HTTP SSH SMTP DNS QUIC WebRTC ... ← many application protocols
╲ │ │ │ │ ╱
╲ │ │ │ │ ╱
┌──────────────────────────┐
│ TCP UDP ... │ ← a few transport protocols
├──────────────────────────┤
│ IP │ ← ONE network protocol
├──────────────────────────┤
│ TCP UDP ... │
│ │
└──────────────────────────┘
╱ │ │ │ │ ╲
╱ │ │ │ │ ╲
Ethernet Wi-Fi 4G 5G fiber satellite ← many link layers
One protocol at the narrow waist — IP — and arbitrary diversity above and below. The link layer can change (Ethernet, Wi-Fi, 4G, LTE, 5G) without breaking applications. New application protocols can be invented (HTTP, WebRTC, QUIC) without touching the network. The one thing you can’t change, without changing everything, is IP itself.
This is why IPv6 has taken thirty years to deploy. Changing the narrow waist is structurally expensive. Every other layer is cheap.
The Counterfactual
What would have happened without the split?
We can look at ISO’s competing OSI standards effort for a partial answer. OSI kept a much fatter stack — seven layers, with session management, presentation encoding, and application features all specified at the network level. OSI was the official, government-blessed successor to the ARPANET protocols for most of the 1980s.
OSI lost decisively. One reason among several was that its layers were too tightly coupled. You couldn’t ship a small change. You couldn’t run a non-standard application protocol over a standard transport. By the time the specifications were ratified, TCP/IP — iterating freely through RFCs on the layered stack — had overtaken them.
The split also enabled the end-to-end principle to hold. If TCP were inseparable from IP, features like encryption, congestion control, and reliability would be network-layer concerns — baked into routers, impossible to evolve without replacing hardware. Because TCP lives at the endpoints and IP is thin, end-to-end innovation stayed cheap.
What Postel Actually Won
The TCP/IP post summarizes the split in a paragraph. What’s easy to miss is how much downstream architecture depends on it:
- TLS exists because there’s a clean handoff from TCP to an application-layer encryption scheme. A monolithic TCP-with-security would have been much harder to evolve.
- QUIC exists because UDP is still dumb and unopinionated. Building a new reliable transport on top of UDP is possible precisely because UDP promises nothing. You couldn’t build a new transport on top of TCP; TCP is already opinionated all the way down.
- Cloud-scale load balancing works because connection state lives at the endpoints. An L4 load balancer can move a TCP flow between backends without understanding TCP internally.
- IPv6 is deployable at all because changing the network layer doesn’t require changing the transport layer. TCP and UDP run over IPv4 and IPv6 with minor tweaks.

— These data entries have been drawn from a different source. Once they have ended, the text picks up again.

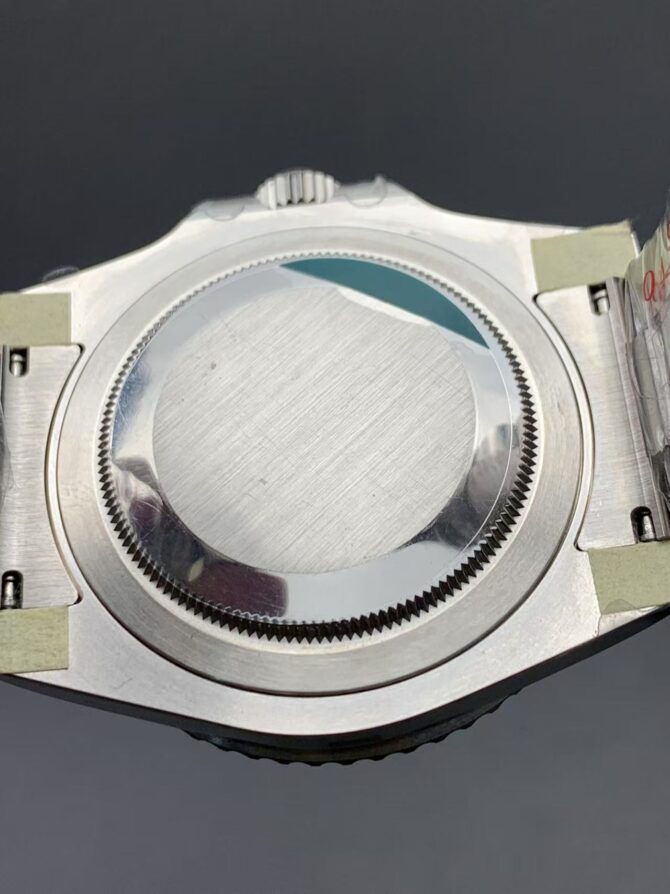 GMT-Master II (Replica) - Image 5
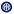 Логотип футбольный клуб Интер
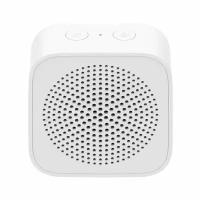 Портативная колонка Xiaomi MI Bluetooth Speaker Portable Version XMYX07YM, белая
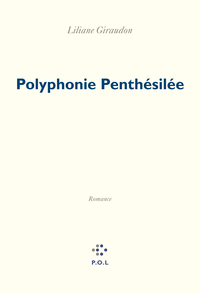 Polyphonie Penthésilée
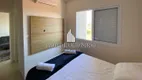 Foto 12 de Apartamento com 1 Quarto à venda, 53m² em Jardim Tarraf II, São José do Rio Preto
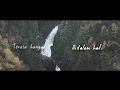 Letto - Ruang Rindu (Cover by Dwiki CJ)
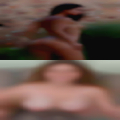 Outdoors swingers Amsterdam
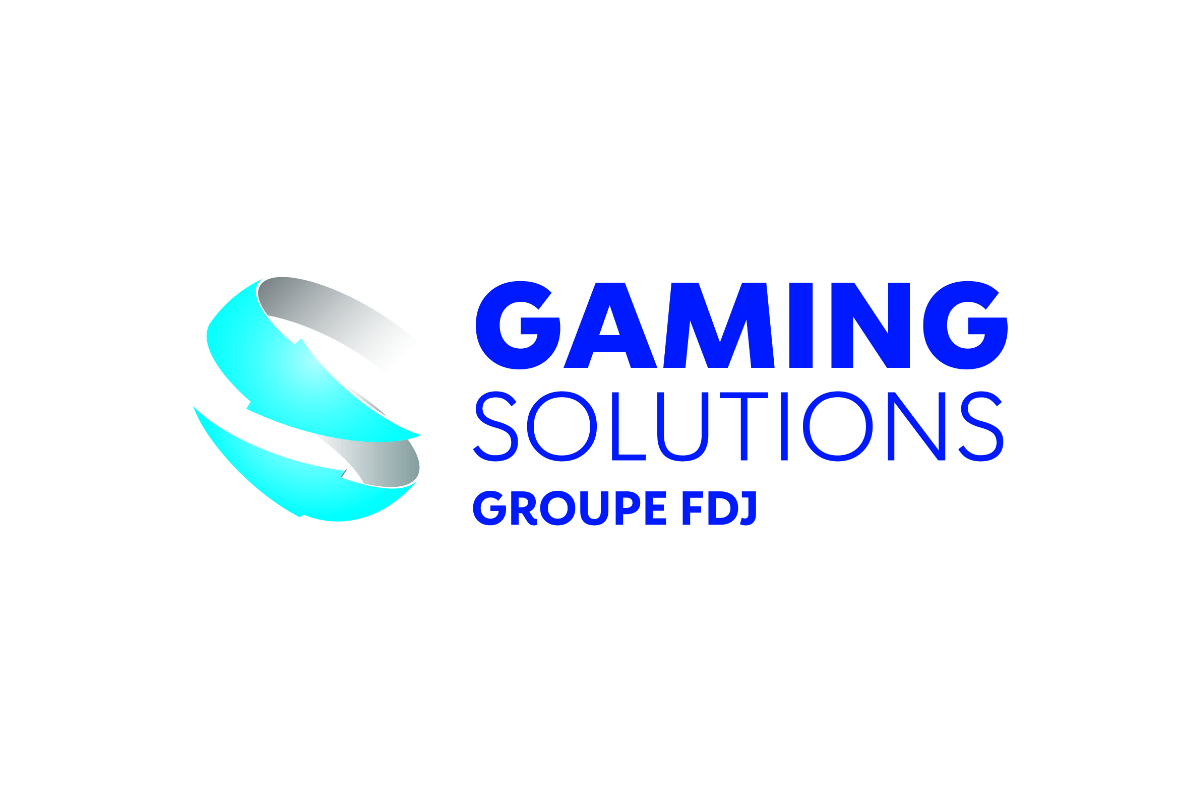 fdj-gaming-solutions-provides-its-interactive-factory-to-loterie-suisse-romande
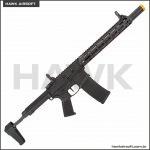 rifle-de-airsoft-m4-m904d-gatilho-eletronico-de-armory (2)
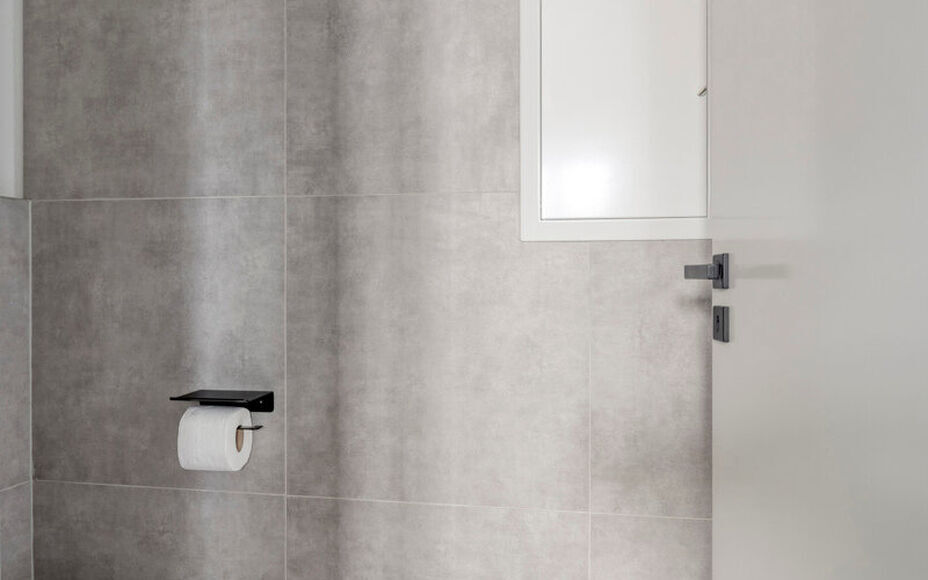 LEEMANS IMMOBILIËN vous propose cette maison rénovée, idéalement située au cœur d'Asse. Grâce à un cadre de vie agréable, un agencement pratique et un jardin accueillant, cette maison représente une opportunité intéressante pour ceux qui souha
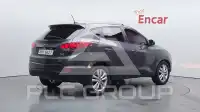 2013 Hyundai Tucson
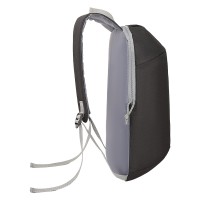 LUTON, backpack, black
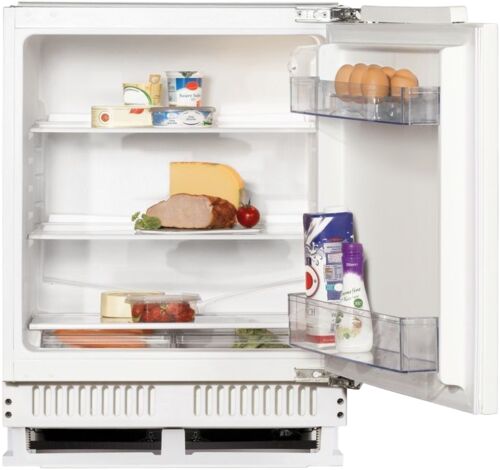 Холодильник Hansa UС150.3 1171437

Postel’s instinct was that reliability and routing are different problems served by different concerns and should be encoded separately. The industry spent the next fifty years validating that instinct, not by arguing about it, but by discovering every new system they wanted to build was easier because of it.
In 1978, splitting one protocol into three looked like a small cleanup. It turned out to be the decision that made the internet keep evolving.